◆ Entries shown:

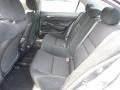 Polished Metal Metallic - Civic LX-S Sedan Photo No. 10
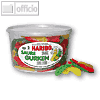 Haribo Saure Gurken, 150 Stück, 889056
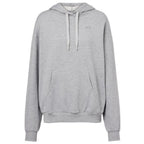 Alo Accolade Hoodie Athletic Heather Grey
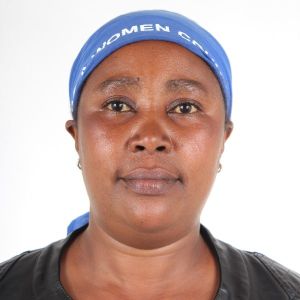 Zipporah Muthoni Gaichiri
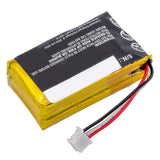 Batteries N Accessories BNA-WB-P8940 Digital Camera Battery - Li-Pol, 3.7V, 800mAh, Ultra High Capacity - Replacement for GoPro PR-062334 Battery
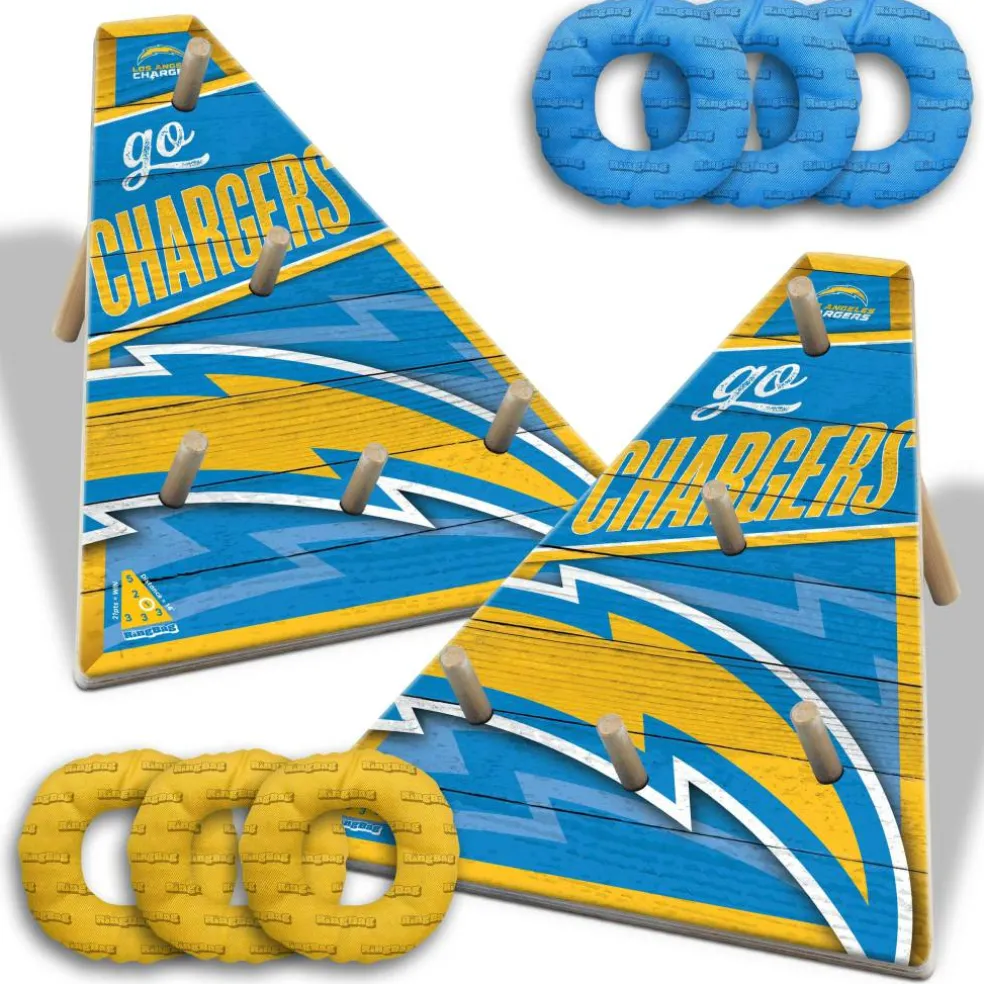 NFL RingBag Game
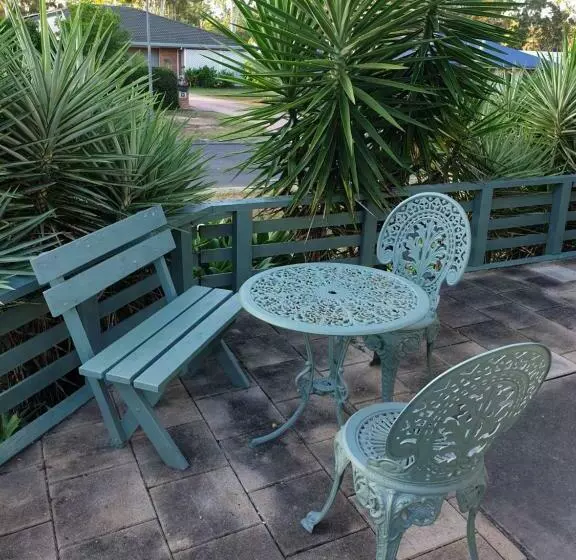 ペンション Maryborough Guesthouse, Queensland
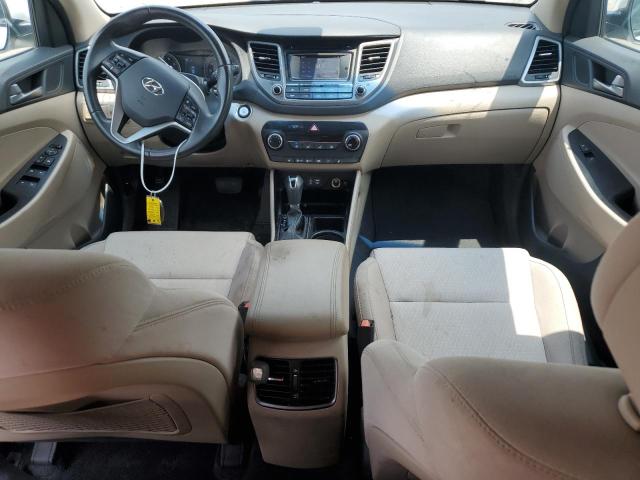 Photo 7 VIN: KM8J33A23HU369495 - HYUNDAI TUCSON LIM 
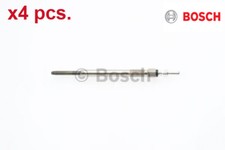 X4 PCS GLOW PLUGS SET X4 PCS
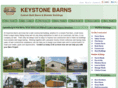 keystonebarns.com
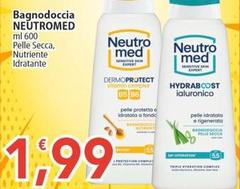 Neutro Med - Bagnodoccia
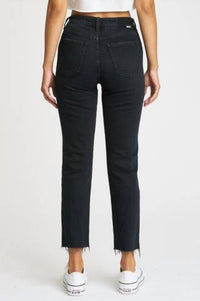 Daze - Skinny Straight Jeans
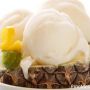 Come fare il sorbetto di ananas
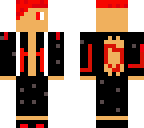red gamer stile 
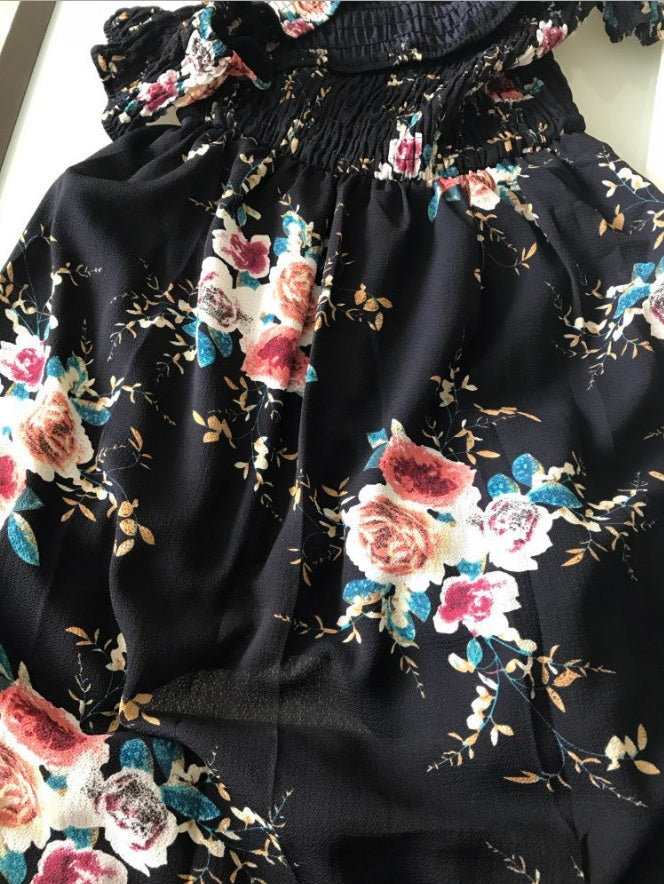 black / 2XL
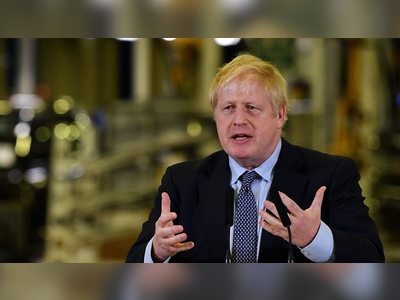 PM vows to close 'opportunity gap' after Brexit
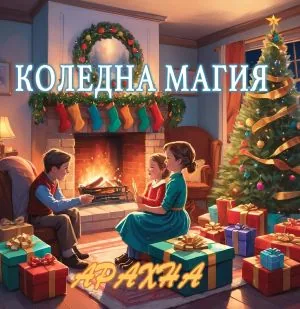 Коледна магия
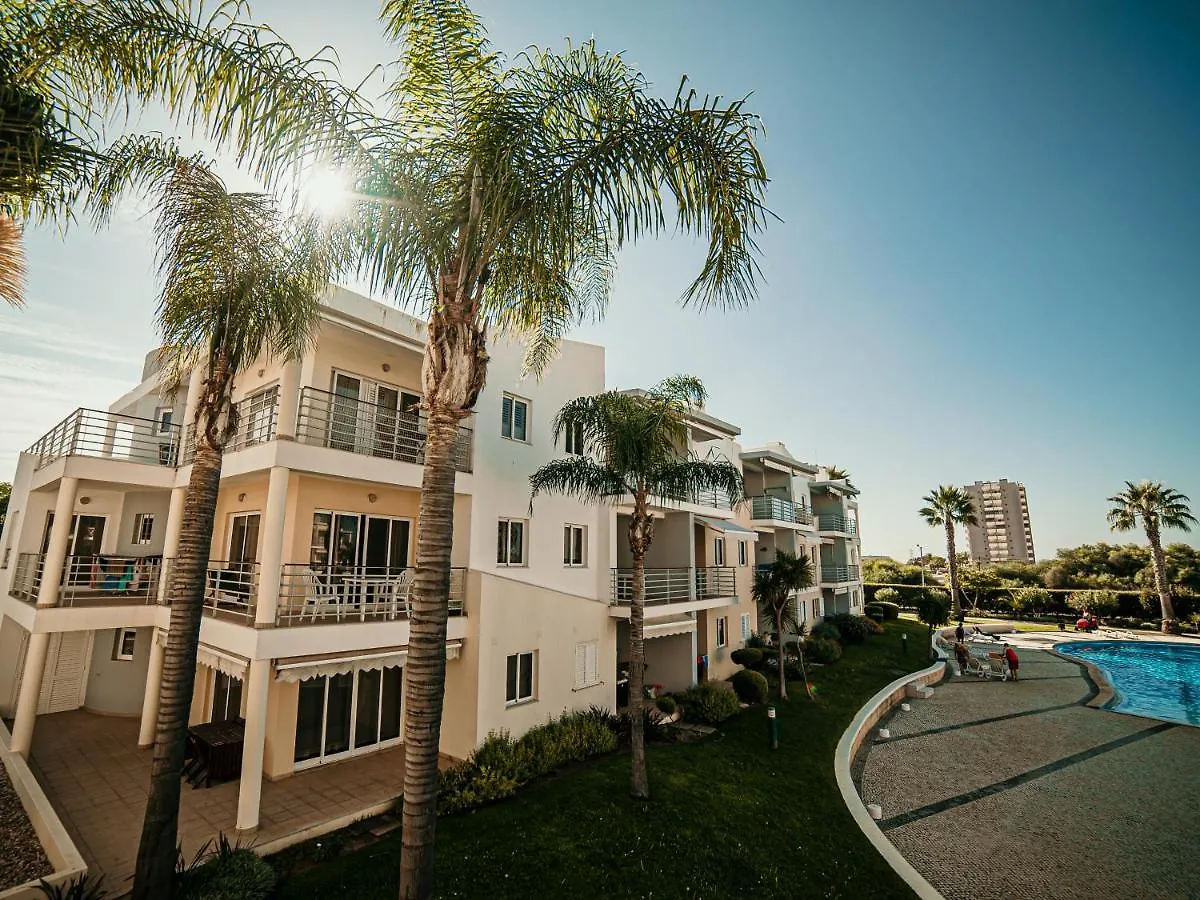 Portugal Rentals Vila Da Praia Apartments Alvor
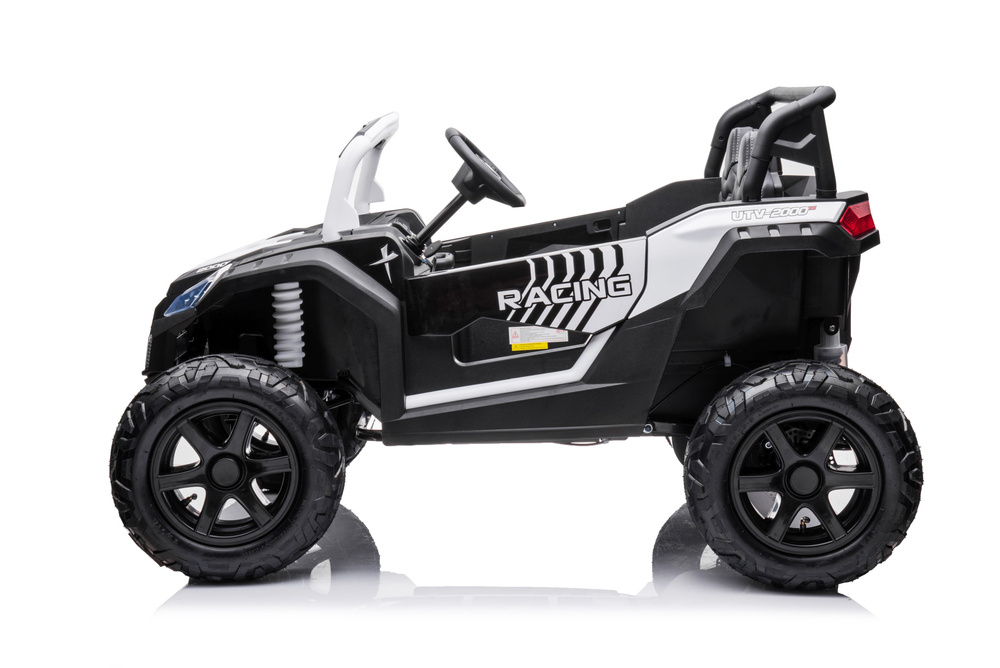 Auto Na Akumulator Buggy STRONG A032 Bialy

◆ Task goal: The line with "Neutro Med - Bagnodoccia" marks the end: restate word for word every line from the top of the data through that one, omitting pictures.

◆ Written reply:
 Polished Metal Metallic - Civic LX-S Sedan Photo No. 10
 Haribo Saure Gurken, 150 Stück, 889056
 Alo Accolade Hoodie Athletic Heather Grey
 Zipporah Muthoni Gaichiri
 Batteries N Accessories BNA-WB-P8940 Digital Camera Battery - Li-Pol, 3.7V, 800mAh, Ultra High Capacity - Replacement for GoPro PR-062334 Battery
 NFL RingBag Game
 ペンション Maryborough Guesthouse, Queensland
 Photo 7 VIN: KM8J33A23HU369495 - HYUNDAI TUCSON LIM 
 X4 PCS GLOW PLUGS SET X4 PCS
 keystonebarns.com
 Neutro Med - Bagnodoccia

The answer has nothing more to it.